#### Problem requirements:
Copy out the line bearing "くせふく商店 いちごミルク濃縮シロップ 290ml" and all the lines after it, to the very end of the material below, exactly as written.

***

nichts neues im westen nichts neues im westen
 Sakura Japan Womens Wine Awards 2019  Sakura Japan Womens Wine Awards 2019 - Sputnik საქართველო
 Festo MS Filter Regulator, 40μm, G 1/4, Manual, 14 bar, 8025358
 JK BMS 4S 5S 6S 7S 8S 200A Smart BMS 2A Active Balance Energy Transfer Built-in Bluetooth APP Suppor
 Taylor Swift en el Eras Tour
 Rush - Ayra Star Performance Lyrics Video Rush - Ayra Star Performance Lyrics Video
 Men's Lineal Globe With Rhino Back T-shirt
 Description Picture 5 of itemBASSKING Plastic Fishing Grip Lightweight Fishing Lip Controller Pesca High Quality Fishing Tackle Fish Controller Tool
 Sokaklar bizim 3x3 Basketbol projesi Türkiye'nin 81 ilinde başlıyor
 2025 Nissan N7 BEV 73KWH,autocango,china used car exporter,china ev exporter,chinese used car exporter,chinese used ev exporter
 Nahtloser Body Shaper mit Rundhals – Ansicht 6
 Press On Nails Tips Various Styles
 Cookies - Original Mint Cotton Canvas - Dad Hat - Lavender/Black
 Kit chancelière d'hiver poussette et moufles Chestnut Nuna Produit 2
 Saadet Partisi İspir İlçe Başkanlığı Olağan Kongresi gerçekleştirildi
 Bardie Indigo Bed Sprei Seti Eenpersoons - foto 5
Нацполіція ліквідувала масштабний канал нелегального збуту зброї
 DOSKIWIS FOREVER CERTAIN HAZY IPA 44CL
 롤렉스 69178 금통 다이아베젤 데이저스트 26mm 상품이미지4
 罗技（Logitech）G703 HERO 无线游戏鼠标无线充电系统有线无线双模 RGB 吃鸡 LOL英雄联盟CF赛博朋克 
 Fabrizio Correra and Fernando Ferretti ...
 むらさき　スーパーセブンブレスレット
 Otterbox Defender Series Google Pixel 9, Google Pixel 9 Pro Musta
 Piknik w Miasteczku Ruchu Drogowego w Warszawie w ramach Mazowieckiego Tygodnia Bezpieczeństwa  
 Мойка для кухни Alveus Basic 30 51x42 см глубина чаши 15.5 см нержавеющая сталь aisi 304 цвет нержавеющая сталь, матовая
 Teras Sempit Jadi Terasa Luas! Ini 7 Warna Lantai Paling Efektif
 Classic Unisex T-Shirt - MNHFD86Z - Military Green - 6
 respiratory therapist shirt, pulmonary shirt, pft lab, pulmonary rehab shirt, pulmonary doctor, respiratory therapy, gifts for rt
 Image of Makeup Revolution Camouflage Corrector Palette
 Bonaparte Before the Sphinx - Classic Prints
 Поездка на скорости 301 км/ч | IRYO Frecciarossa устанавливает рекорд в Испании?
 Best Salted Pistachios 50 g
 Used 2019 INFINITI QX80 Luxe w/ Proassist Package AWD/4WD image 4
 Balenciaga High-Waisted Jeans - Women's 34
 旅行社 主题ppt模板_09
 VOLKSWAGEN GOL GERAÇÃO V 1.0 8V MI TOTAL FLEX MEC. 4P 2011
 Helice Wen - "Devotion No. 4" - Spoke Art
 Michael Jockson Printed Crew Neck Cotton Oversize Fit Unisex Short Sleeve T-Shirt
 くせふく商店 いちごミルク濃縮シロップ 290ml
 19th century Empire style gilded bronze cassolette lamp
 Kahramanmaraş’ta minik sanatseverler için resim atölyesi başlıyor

***

#### Exercise response:
 くせふく商店 いちごミルク濃縮シロップ 290ml
 19th century Empire style gilded bronze cassolette lamp
 Kahramanmaraş’ta minik sanatseverler için resim atölyesi başlıyor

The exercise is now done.